PROVIDED RECORDS:
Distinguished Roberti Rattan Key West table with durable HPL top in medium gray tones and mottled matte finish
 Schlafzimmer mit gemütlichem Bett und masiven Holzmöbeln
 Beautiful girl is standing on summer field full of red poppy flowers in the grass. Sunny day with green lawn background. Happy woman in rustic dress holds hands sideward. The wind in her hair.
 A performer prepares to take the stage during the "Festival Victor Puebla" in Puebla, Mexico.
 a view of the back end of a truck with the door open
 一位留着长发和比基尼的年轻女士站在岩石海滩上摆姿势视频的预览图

PROBLEM TO SOLVE: Print every line of the listing shown above, exactly.

RESPONSE TO THIS TASK:
Distinguished Roberti Rattan Key West table with durable HPL top in medium gray tones and mottled matte finish
 Schlafzimmer mit gemütlichem Bett und masiven Holzmöbeln
 Beautiful girl is standing on summer field full of red poppy flowers in the grass. Sunny day with green lawn background. Happy woman in rustic dress holds hands sideward. The wind in her hair.
 A performer prepares to take the stage during the "Festival Victor Puebla" in Puebla, Mexico.
 a view of the back end of a truck with the door open
 一位留着长发和比基尼的年轻女士站在岩石海滩上摆姿势视频的预览图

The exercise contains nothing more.